▶ **Exercise requirements**: In the listing below, the lines starting at the line with "Brown Digital Printed" and ending at the line with "Sharp-suited noir figure" are to be output verbatim. Images stay out of the copy.

▶ **Records supplied**:
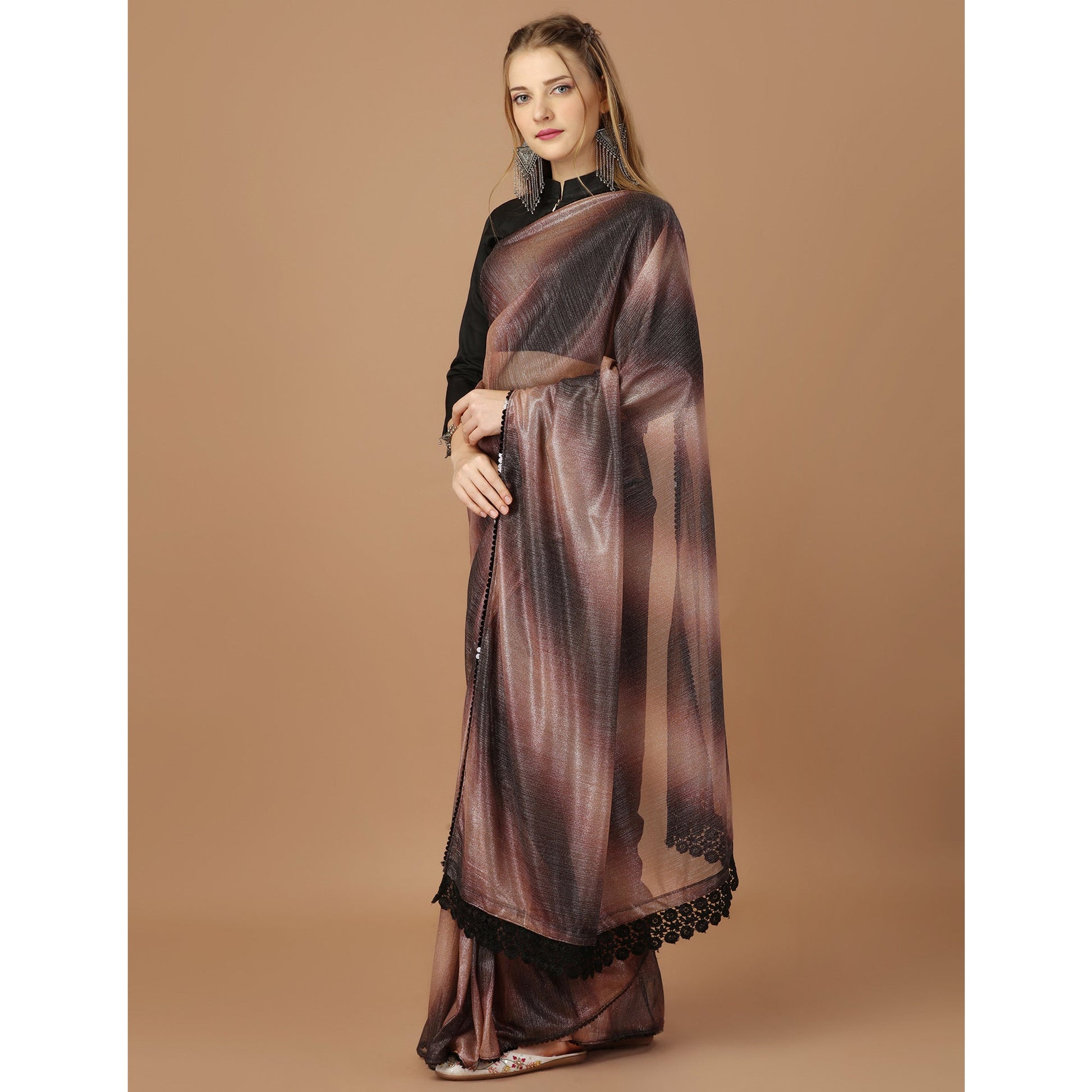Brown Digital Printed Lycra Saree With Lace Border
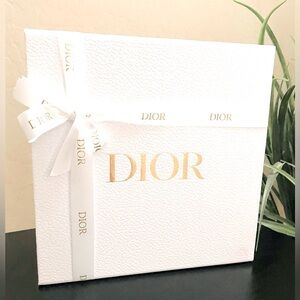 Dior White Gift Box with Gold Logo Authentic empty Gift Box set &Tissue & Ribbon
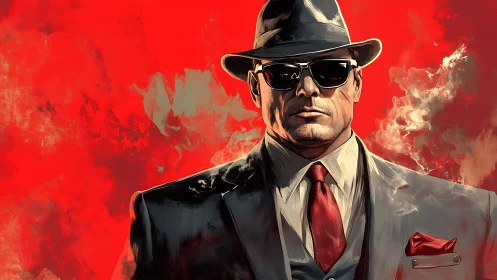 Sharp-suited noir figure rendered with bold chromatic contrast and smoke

* * *

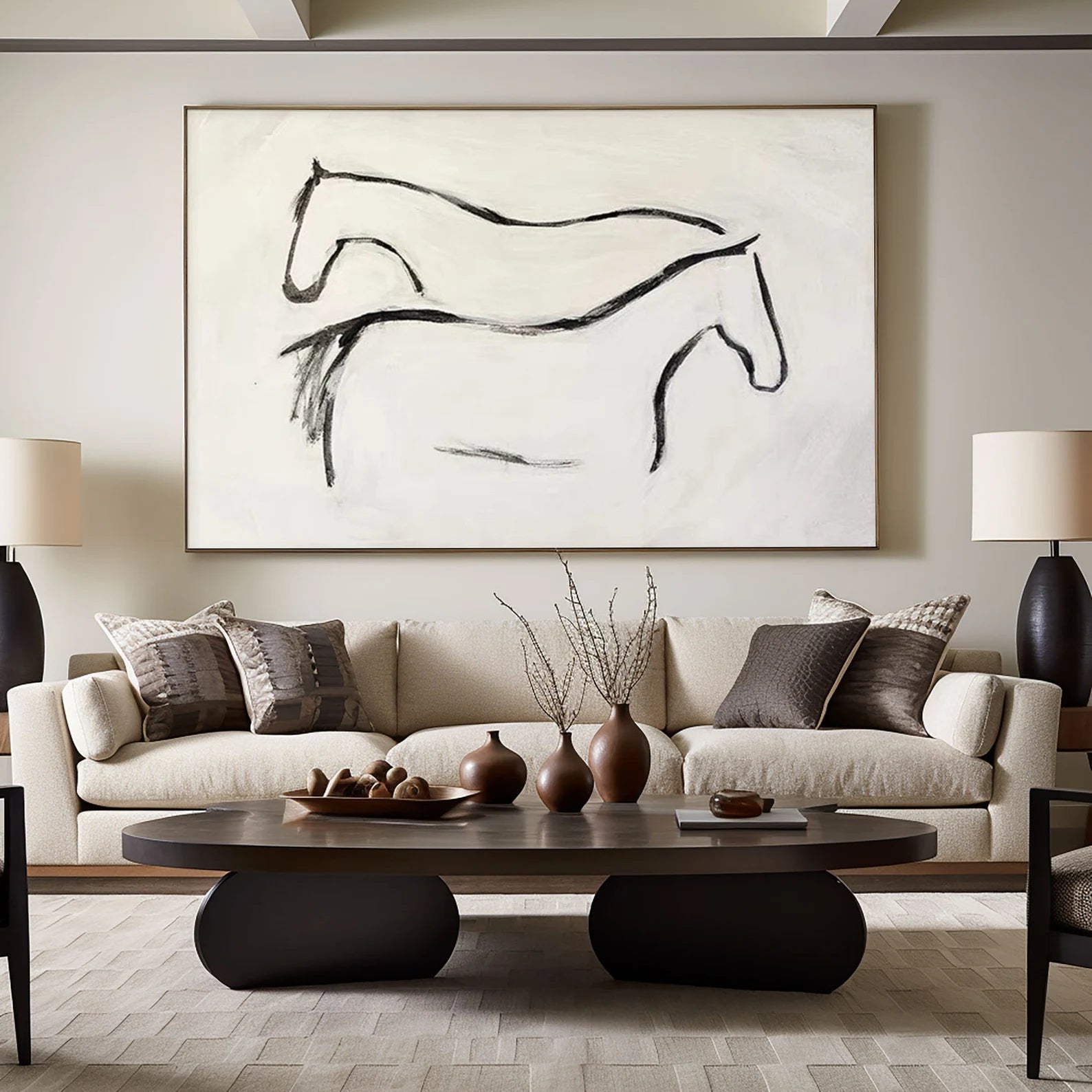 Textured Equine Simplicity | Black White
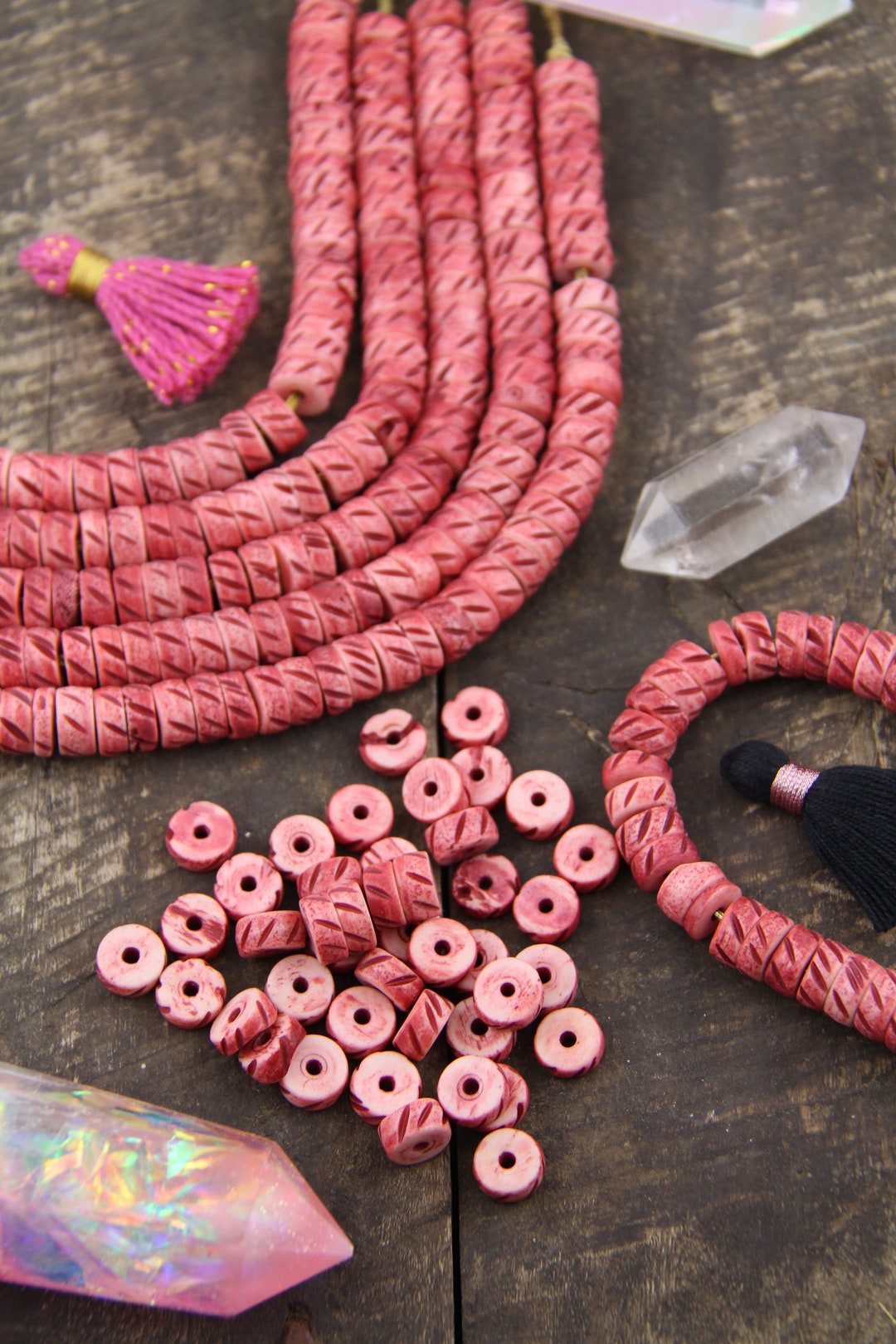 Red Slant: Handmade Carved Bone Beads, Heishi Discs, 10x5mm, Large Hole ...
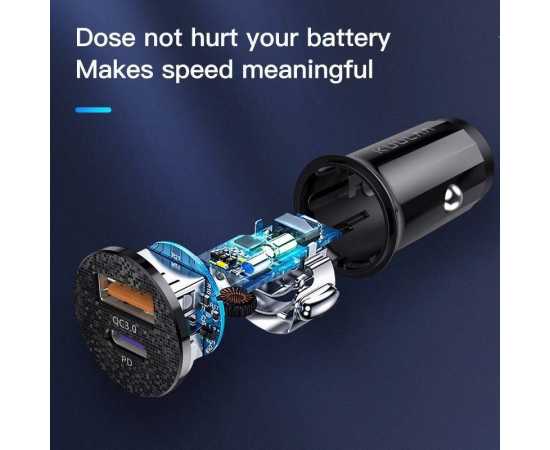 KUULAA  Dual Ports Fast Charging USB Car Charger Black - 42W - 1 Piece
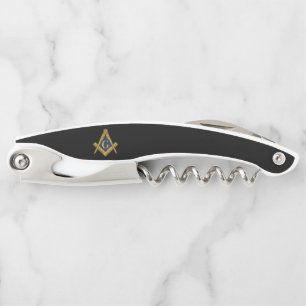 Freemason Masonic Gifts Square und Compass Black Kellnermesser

▶ **Result for this exercise**:
Brown Digital Printed Lycra Saree With Lace Border
 Dior White Gift Box with Gold Logo Authentic empty Gift Box set &Tissue & Ribbon
 Sharp-suited noir figure rendered with bold chromatic contrast and smoke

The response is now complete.